This works well for searching the <p> text content of these files (as well as for viewing and printing them with custom CSS, as it happens) but I also need to search through these files for particular HTML user attributes and their values (essentially attributes with a data- prefix in their names).
Does that sound like something that DEVONthink is equipped to do ?
Thanks, and yes – css signalling of the presence of particular attributes is working well.
I suppose, on reflection, that the challenge of HTML user attributes in this context is that they are tied to particular HTML elements (particular outline rows, in this context),
whereas DEVONthink record indexing (if I have understood it correctly) provides pointers to whole documents, rather than to particular lines.
But I’ll think about a script.

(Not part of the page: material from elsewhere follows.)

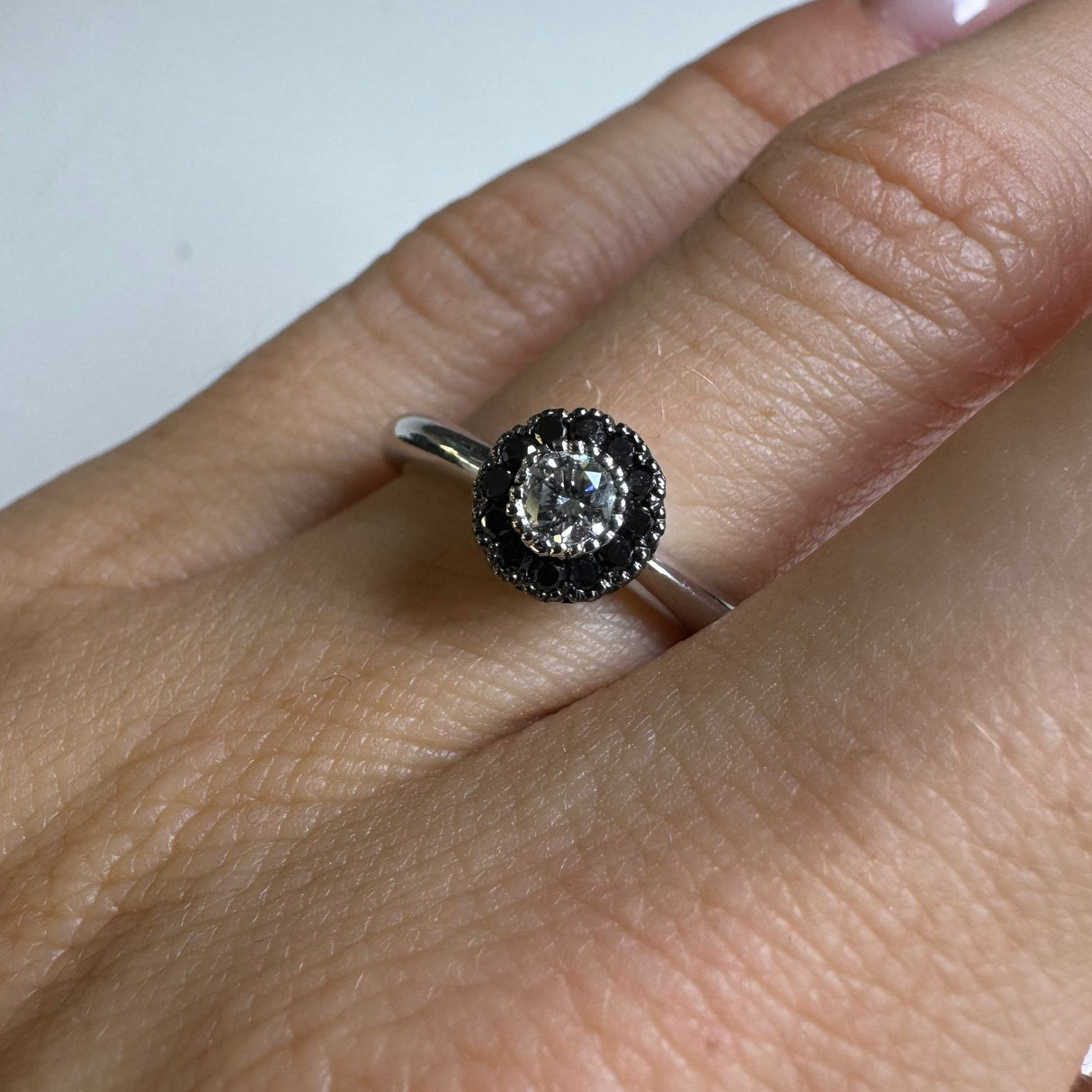 Anello con rosa di Diamanti Neri e Bianco centrale Oro Bianco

This may really be a job for XML tooling and XPath expressions, etc.
As I said: DT indexes the text of the document, not the HTML elements nor their attributes. Those are just markup. Treating the values of the attributes as if they had any meaning is pointless, in my opinion. If you start with data- attributes, why stop there? Class names could have meaning, too. As might have colors, perhaps.

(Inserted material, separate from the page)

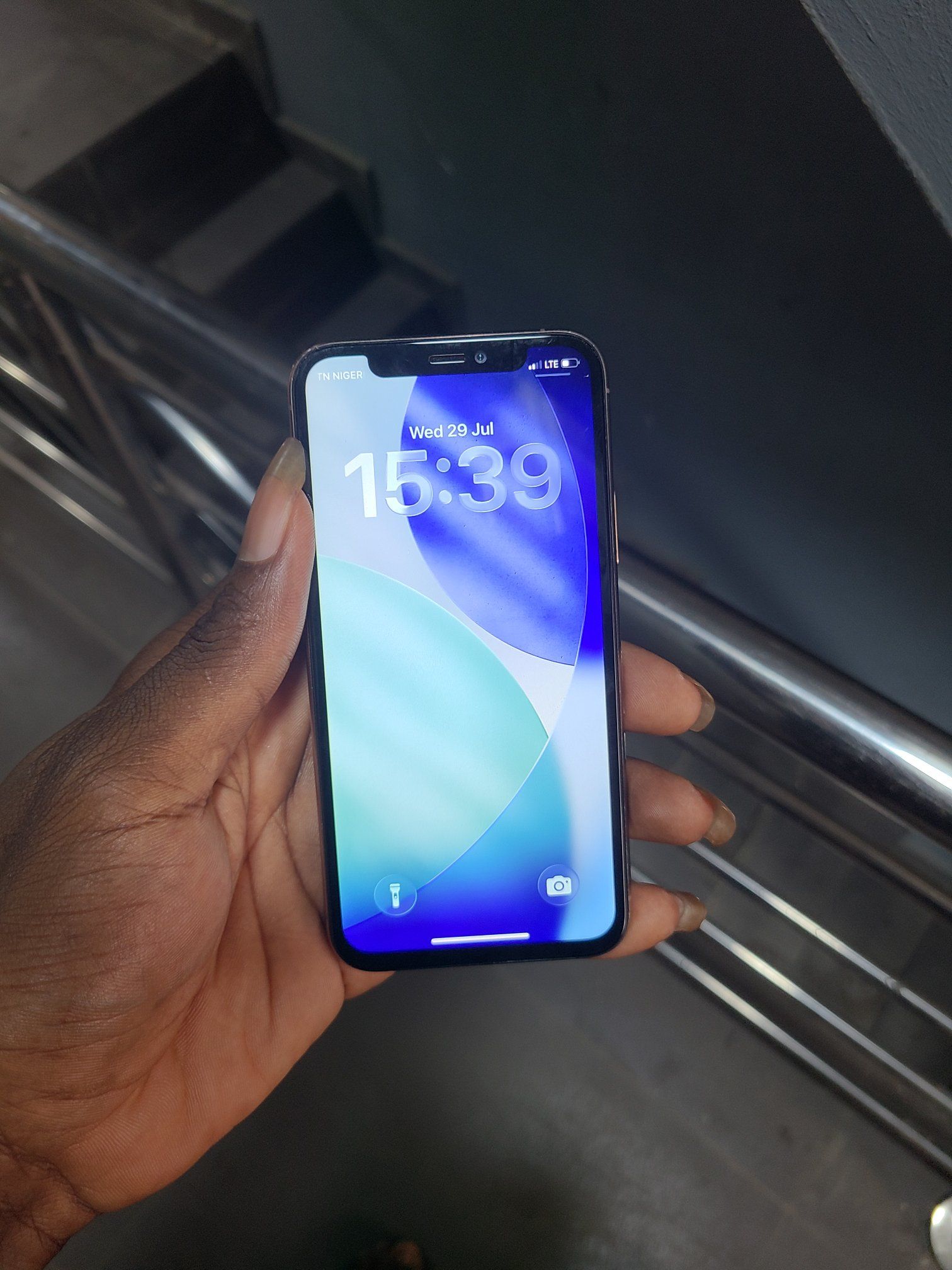 IPhone 11 pro 64gb no face ld no change part battery 77 true tone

Which leads to the question of one should perhaps also index CSS files …
If someone wants to convey meaning in HTML, they have abundant possibilities. data attributes are not meant for that purpose (if alone because of accessibility issues). To quote the MDN text on data attributes:
Do not store content that should be visible and accessible in data attributes, because assistive technology may not access them. In addition, search crawlers may not index data attributes’ values.
Well, it does, in fact, index the href attributes.

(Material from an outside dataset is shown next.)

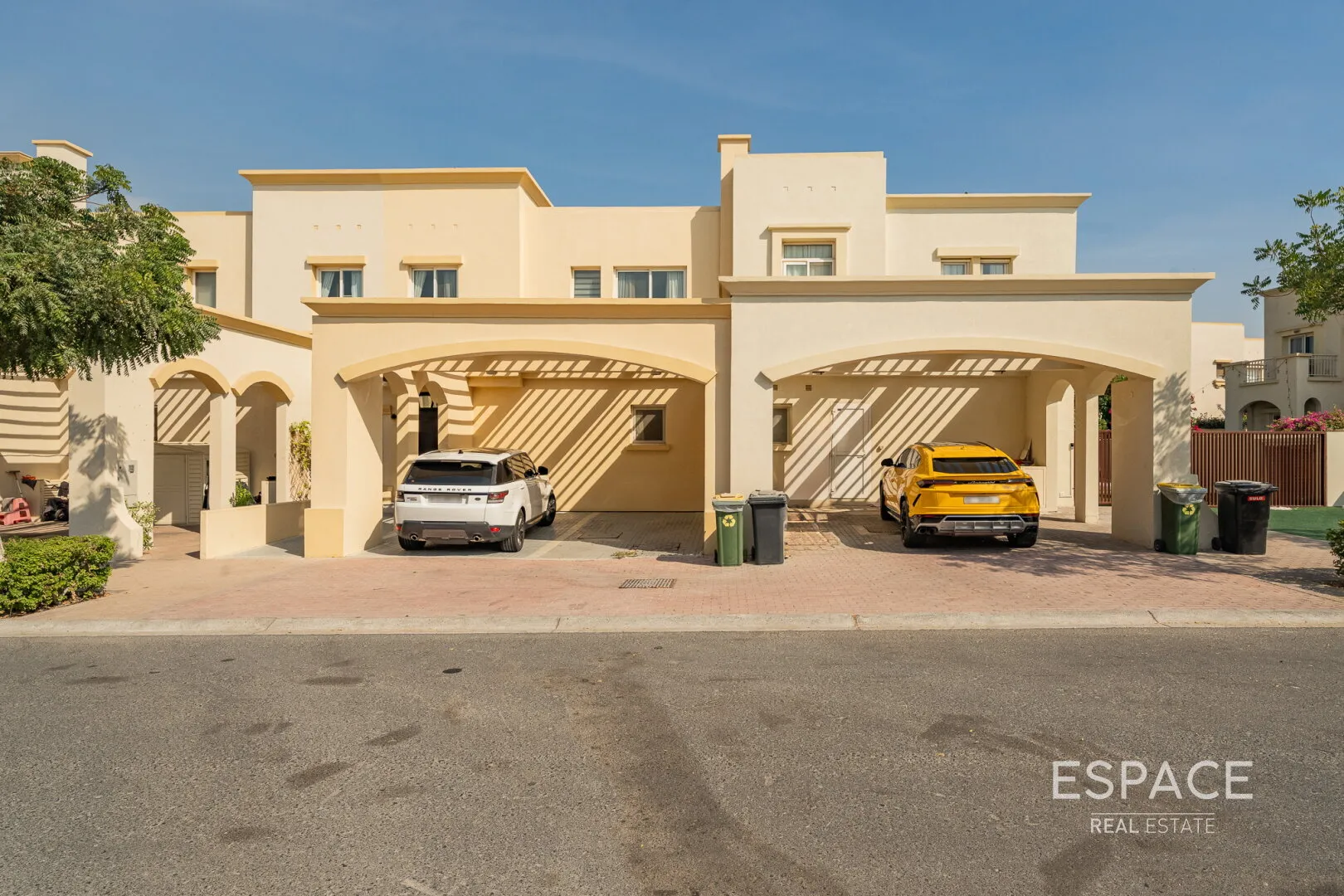 PropertiesGalleryCamera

It just a question of design – which attributes one chooses to index, and which to ignore.
But, for the moment, at least – the way forward is clearly to handle custom user data in Bike files by XPath and script.
If there were enough users indexing Bike files in DT, then, arguably, it might be become worth reviewing the indexing of data- attributes (in addition to the existing indexing of href attributes) by DEVONthink too.
Yes – early days, and Bike row attributes are, for the moment, only accessible through the Bike scripting interface.
My understanding is that that is likely to change in tandem with the planned introduction of stylesheets, which will make the attributes more directly visible – without add-on scripts – in the application itself.
Until then, just scouting around for a good app to use for indexing and searching them. DEVONthink seems a good fit for:
indexing of a cloud of outlines in a given folder, and
viewing and printing both <p> text and custom attributes with custom CSS.